スポーツドリンクを飲んだり日陰で休憩しながら作業を続けていると、厩務員たちがにわかに騒ぎ出した。
「どうした?」
不審に思った柴田さんが厩務員の一人に聞く。
「いや、柴田さん。この子たちが…」
俺と柴田さんが厩務員の指を差したほうを見ると、そこには三匹の子犬がいた。
「おや、可愛らしい」
「野生の子犬ですかね、親が近くにいると思いますが」
手分けして辺りを探してみると、そこには既に亡くなっている成犬の姿が。
「あー、産んだはいいが何らかの原因で母犬が死んだって感じみたいですね。で、大きな音が聞こえたから子犬たちが揃って俺らのほうに来たってことでしょう」
「うーん、生後十日から二十日って感じかな? 生まれたてってこともないみたいだし。誰か尾根さんに状況説明して連れていくって伝えてくれる?」
一番若い厩務員が分かりましたと言って牧場のほうへ駆けていった。
その間、残された俺たちは仕事をここまでにして母犬を埋める準備を始める。
「そのままにすると病気の元になるからね。皆あとはよろしく」
各々が了承の返事をして、俺が一匹、柴田さんが二匹抱えて牧場の診療所に向かう。
「それにしても犬が森の中にいるんですね」
「どっからきたんだろうねー」
この島もいきなり生えてきたから生態系なんて分かったもんじゃないので『最初からいた』ってなってんのかもしれないけど。

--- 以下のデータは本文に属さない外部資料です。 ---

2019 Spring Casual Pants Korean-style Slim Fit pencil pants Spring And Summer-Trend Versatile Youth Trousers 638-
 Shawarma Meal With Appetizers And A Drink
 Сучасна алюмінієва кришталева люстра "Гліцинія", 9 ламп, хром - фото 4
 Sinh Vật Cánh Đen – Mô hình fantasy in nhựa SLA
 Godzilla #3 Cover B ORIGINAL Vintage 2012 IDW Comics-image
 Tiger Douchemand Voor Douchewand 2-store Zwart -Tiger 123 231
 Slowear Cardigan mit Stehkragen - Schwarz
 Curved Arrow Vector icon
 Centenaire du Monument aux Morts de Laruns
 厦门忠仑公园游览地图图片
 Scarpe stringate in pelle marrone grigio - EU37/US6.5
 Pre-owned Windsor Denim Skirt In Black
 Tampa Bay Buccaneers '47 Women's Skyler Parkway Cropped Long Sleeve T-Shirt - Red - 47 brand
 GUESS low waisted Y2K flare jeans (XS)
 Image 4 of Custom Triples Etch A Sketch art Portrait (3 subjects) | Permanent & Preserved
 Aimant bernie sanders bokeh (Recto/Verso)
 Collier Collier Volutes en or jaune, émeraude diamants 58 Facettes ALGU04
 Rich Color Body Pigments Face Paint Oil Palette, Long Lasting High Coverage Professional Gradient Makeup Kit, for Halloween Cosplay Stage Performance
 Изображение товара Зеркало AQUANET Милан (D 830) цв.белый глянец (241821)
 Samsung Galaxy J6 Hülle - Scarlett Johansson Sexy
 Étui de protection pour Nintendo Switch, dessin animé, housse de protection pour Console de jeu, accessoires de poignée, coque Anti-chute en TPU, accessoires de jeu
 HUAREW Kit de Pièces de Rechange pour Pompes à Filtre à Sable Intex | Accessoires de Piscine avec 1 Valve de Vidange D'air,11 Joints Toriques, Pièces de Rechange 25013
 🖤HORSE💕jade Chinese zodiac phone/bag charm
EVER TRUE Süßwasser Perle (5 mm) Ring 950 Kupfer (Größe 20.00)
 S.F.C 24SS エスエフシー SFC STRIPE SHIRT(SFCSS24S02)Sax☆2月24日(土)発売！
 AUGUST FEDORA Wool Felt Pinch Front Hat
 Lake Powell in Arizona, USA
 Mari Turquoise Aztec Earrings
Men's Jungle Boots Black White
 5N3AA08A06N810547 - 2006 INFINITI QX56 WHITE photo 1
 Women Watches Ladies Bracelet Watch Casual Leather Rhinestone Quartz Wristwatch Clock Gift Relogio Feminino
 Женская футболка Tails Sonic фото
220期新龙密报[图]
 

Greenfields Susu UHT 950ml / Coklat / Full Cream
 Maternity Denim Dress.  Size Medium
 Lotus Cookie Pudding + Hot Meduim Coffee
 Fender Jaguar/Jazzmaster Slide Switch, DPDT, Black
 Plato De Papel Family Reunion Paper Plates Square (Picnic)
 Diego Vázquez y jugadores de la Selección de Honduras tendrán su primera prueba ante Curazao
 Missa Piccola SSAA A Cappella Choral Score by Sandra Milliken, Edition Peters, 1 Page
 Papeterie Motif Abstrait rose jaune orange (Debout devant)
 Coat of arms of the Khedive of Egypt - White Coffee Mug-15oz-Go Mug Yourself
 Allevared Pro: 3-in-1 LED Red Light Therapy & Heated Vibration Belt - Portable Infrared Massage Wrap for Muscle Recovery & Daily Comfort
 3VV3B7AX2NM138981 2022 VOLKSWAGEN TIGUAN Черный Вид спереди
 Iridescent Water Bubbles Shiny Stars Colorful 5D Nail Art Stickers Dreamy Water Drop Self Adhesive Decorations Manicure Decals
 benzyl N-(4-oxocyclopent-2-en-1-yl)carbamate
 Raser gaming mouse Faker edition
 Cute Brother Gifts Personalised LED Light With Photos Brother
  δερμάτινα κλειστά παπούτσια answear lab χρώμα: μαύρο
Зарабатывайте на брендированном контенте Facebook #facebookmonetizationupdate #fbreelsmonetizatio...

キャウキャウ吠えながら俺の腕から逃れようとする子犬を抑えつつ、牧場敷地内の診療所に辿り着いた。
開いているシャッターから診察室に入ると尾根さんが既に待機していた。連絡を頼んでいた厩務員の彼はもういないようだ、妻橋さんたちにも連絡しに行ってくれたのだろうか。
「いらっしゃい、それが件の子犬ね」
「かわいいでしょ」
「狂犬病のワクチン打つまで可愛くないわ」
注射器をピシピシと叩いて空気を抜いて、診察台に固定された子犬に針を刺す。
キャインキャインと吠えて押さえている俺の手の中で暴れるが、尾根さんは無視して注射器の中のワクチンを注入し終える。
そのままクルリと柴田さんの腕の中の二匹を見やり。
「次はアンタたちよ」
「もう悪役のそれじゃん」
震える子犬を胸に抱き、頭をなでる。
諦めたのか無抵抗のまま注射針を刺される子犬たちが少し不憫だ。必要なことなんだけどね。
「よし終わり。まだ固形物が食べられないだろうから、さっさと子犬用のミルクを買ってきなさい。ここに一缶だけあるけど、すぐに無くなるわよ」
「雑貨屋にあるかな…。いや島でペット飼ってる家庭はないから置いてないよな。
よし、船を出すか。柴田さん、買い出しの連絡回してくれます?」
「了解です」
桜花島では船を持っているのが俺だけなので、臨時で買い出しに行くときは島のみんなに連絡を回してまとまっていったり代理で買ってくることが多い。
食料品は島に店舗があるし、雑貨屋もそこそこ大きな店なので滅多にそんなことはないので、定期船で事足りちゃうんだけどね。
とにかく、あの母犬から命を預かったんだ。全力で育てないとね。